The other night cagedmonkey and I had an unexpected Switch night. I’m sure you want me to get into and describe all the forced cock sucking till my eyes watered, hair pulling, spanking, deep ass fucking till I was thanking him and asking for it harder, deeper and faster but really I’m going to gloss over that. 🙂 Awww, sorry, don’t cry too much. Maybe cagedmonkey will post again later with more thoughts and descriptions of how he bent me over and fucked me like a little slut. However, I’m just going to mention what a fantastic boy I have who, even in a switch, ultimately followed his Lady’s rules and did NOT have an orgasm. Ahhh, such a good boy!
Our switch happened only a very short time before hubby had to head out the door to work. When I say a short time, it actually means he left about 5 mins late because he was busy with his dick shoved deep in my ass instead of getting dressed. What that means is that I got fucked and called a slut and then he got up, got dressed and left. No time for aftercare – which neither one of us thought about what-so-ever.
About 30 mins after he left… I felt it. I felt that familiar, “oh fuck I’m sinking” feeling. My shoulders dropped and rolled forward, my head tilted down and my smile faded. I could feel my body and my emotions slipping. The amazing amount of horny I had in me was flowing right out of me. Awwww crap! I texted him and told him what was happening. The exchange went like this:
Me: I can feel myself slipping. I can feel that I’m getting emotional.
Him: I’m sorry baby, I’m here when you need to talk.
Me: I’ll be ok, I can just feel it happening, starting to feel that depression feeling. I feel like I could just cry at any second.

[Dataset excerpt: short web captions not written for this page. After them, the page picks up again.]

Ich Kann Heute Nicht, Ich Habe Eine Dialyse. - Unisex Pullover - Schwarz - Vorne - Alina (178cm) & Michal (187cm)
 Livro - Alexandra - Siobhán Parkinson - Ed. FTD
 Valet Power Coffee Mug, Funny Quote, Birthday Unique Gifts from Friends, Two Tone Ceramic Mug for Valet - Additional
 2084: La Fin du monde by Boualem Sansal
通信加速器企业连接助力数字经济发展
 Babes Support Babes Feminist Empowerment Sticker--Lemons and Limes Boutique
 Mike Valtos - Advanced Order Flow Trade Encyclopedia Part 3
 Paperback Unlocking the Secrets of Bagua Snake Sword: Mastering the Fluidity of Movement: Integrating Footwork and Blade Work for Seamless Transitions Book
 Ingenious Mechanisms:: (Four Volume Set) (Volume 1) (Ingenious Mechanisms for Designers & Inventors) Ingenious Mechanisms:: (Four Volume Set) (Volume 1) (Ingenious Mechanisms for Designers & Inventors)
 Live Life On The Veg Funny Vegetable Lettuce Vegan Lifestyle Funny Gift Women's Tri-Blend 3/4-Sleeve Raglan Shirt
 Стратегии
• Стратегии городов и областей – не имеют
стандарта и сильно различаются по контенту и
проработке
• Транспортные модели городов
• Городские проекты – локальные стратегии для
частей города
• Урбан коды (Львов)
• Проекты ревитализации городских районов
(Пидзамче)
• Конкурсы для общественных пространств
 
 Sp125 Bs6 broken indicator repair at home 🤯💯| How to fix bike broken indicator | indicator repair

Keep thinking about my dad and I’m lonely.
**a few minutes pass – he is at work after all*
Him: OH FUCK!
Him: DAMN IT!
Him: I’m such an asshole
Him: I’m so sorry baby!
Me: WTF? Are you sorry for, what did you do now?
Him: I didn’t give you aftercare
BOOM! There it was… I didn’t get my aftercare. Mind you it was never a thought in my mind to have it. I’m a big bad dominant woman, I don’t need that shit! HA! I found out that even the big bad dominant needs, even just a little, aftercare sometimes. Especially after a switch when the roles are touching on the emotions and pains from childhood. I never even realized I would need that. Like I said, I’m me, I’m the one in control… yeah, sometimes my emotions have control over me.
The past few days have been a bit down, a bit off, a bit depressed and a lot NOT horny. I’ve been crying off an on, thinking about the fact that I lost 6 members of my family in the past 6 months. It would have been my father’s birthday on Tuesday, my Aunt’s was a few days ago, the holidays are coming up. I got feeling of worthlessness, sadness, loneliness and a bunch of other ‘ness’s. It hasn’t been a fun couple days.
This morning I was feeling a bit better and gave myself a boost by giving cagedmonkey some delicious nipple torture and got my pussy quivering. 🙂 Yeah… it’s that easy. A little nipple pain, some yummy whimpering and it kicks my horny back in. I’m by no means back where I was but, tonight is date night… haha I’m sure I’ll get my fill of making his nipples good and sore tonight.
It’s almost as if dominating and torturing me is your aftercare! 😉
I think after very intense sessions, everyone needs a little bit of aftercare. After all, I’m calling you names, degrading you a little bit, and treating you like an object… all in the name of good fun, mind you, but it’s still a good idea to remind you that it’s only play and once it’s all done, you are back to being the love of my life. 🙂 I think it’s important for us to fit in the aftercare no matter what, even if it’s a spontaneous thing like the other night.
And don’t cry too much, guys… I’ve been meaning to write a post about this, but it’s been very busy both at home and at work. You’ll be able to hear about all of the spanking, hair pulling, and ass fucking very soon, I promise. 😉
Aftercare is so important. The build up is so needed after you’re taken down to just a thing used for fun. You two need time to talk and cuddle and get it back. Have a little pain to bring the emotions to the surface so they can be felt with.
But the big thing is you both realized it. You both see it as a problem. That is great.
Hugs.
Sorry you are having such a rough time of things at the moment, been nice getting to talk to both of you properly.
Thanks, doing a bit better today even – had hubby worship my chest and tummy this morning and give me a good cum. 🙂 He went to sleep frustrated and I started my day with a smile… perfection. 🙂
It’s been great getting to know you too!